Data supplied =>
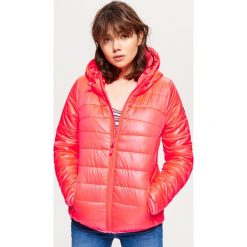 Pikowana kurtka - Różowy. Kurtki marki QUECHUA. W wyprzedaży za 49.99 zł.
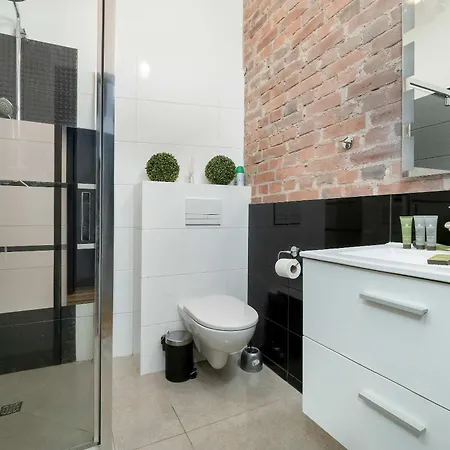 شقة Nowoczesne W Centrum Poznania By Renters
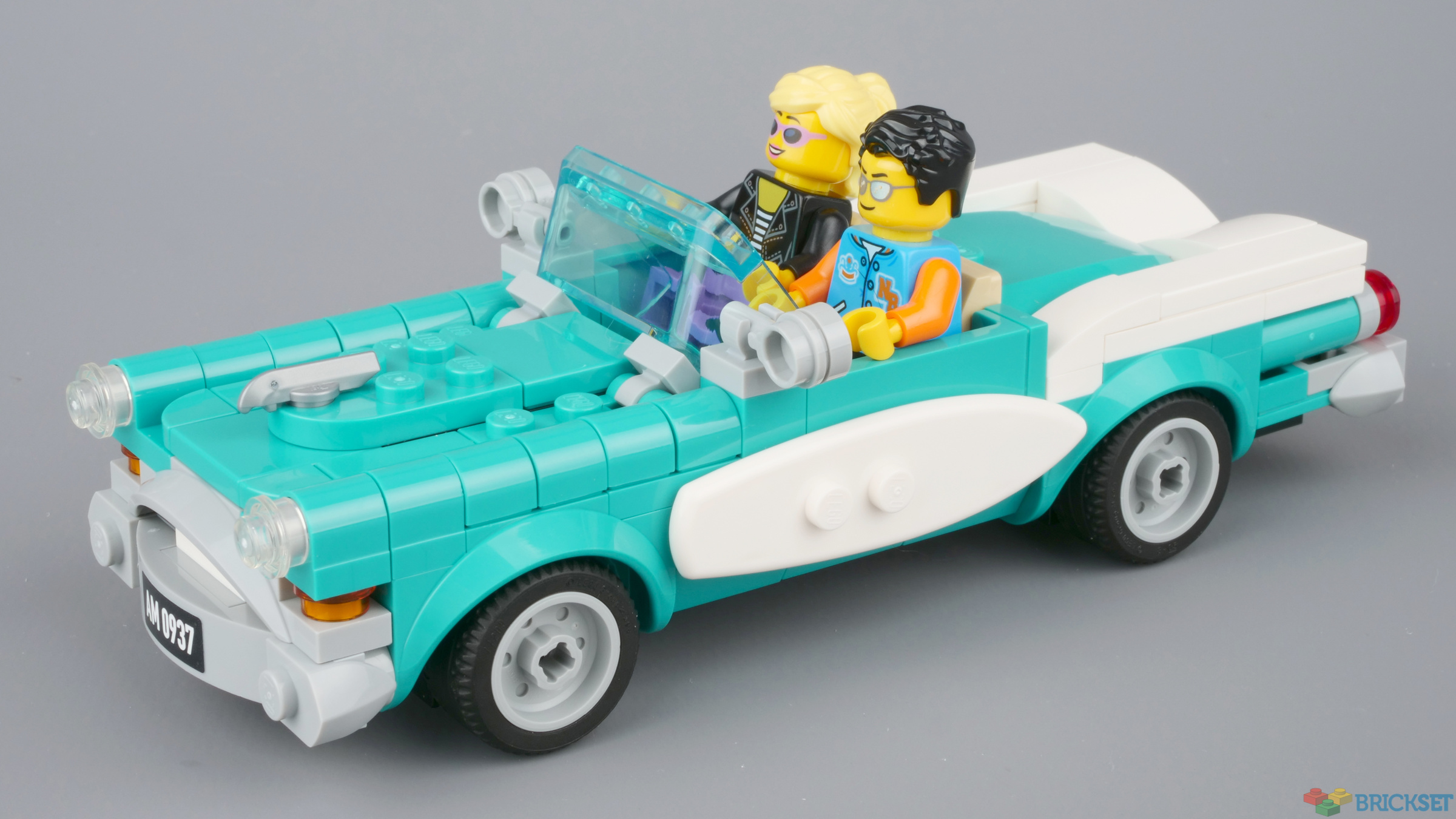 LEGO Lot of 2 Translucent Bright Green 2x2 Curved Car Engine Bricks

---

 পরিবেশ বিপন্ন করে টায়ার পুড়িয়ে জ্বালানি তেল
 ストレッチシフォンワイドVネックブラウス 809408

How to complete this task =>
Exactly the lines above from the one that contains "شقة Nowoczesne W Centrum Poznania By Renters" down to the one that contains "LEGO Lot of" are to be output, both ends kept and pictures omitted.

Exercise response =>
 شقة Nowoczesne W Centrum Poznania By Renters
 LEGO Lot of 2 Translucent Bright Green 2x2 Curved Car Engine Bricks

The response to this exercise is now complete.